■ Source data ■
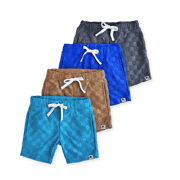 Check Terry Shorts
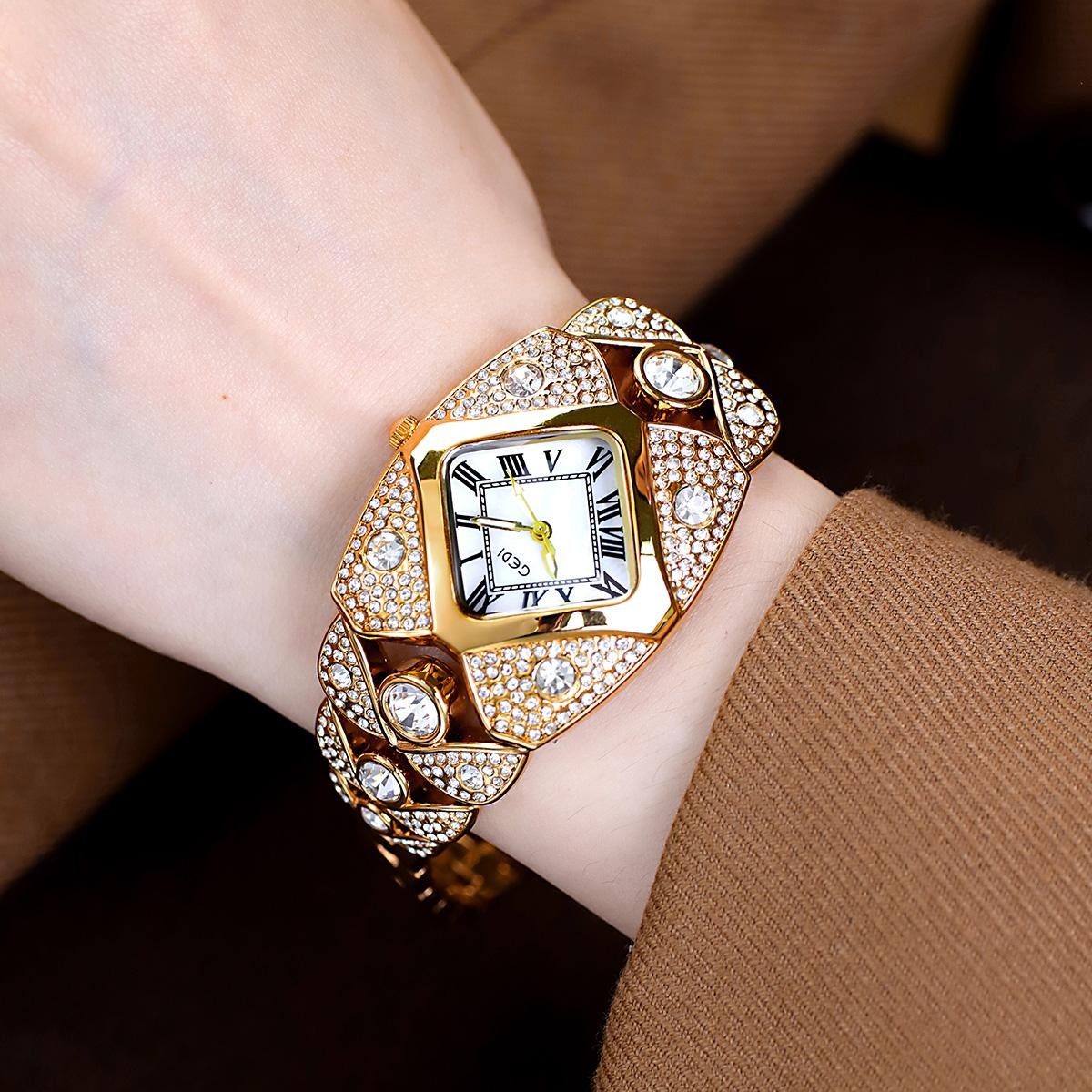 UTHAI L008 นาฬิกาแฟชั่นสำหรับผ - Luxury Watch For Sale บทวิจารณ์และราคา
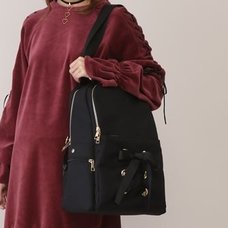 Honey Salon 2-Way Lace-Up Backpack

■ What you have to do ■
Each line above should be output exactly, apart from the pictures.

■ Exercise solution ■
 Check Terry Shorts
 UTHAI L008 นาฬิกาแฟชั่นสำหรับผ - Luxury Watch For Sale บทวิจารณ์และราคา
 Honey Salon 2-Way Lace-Up Backpack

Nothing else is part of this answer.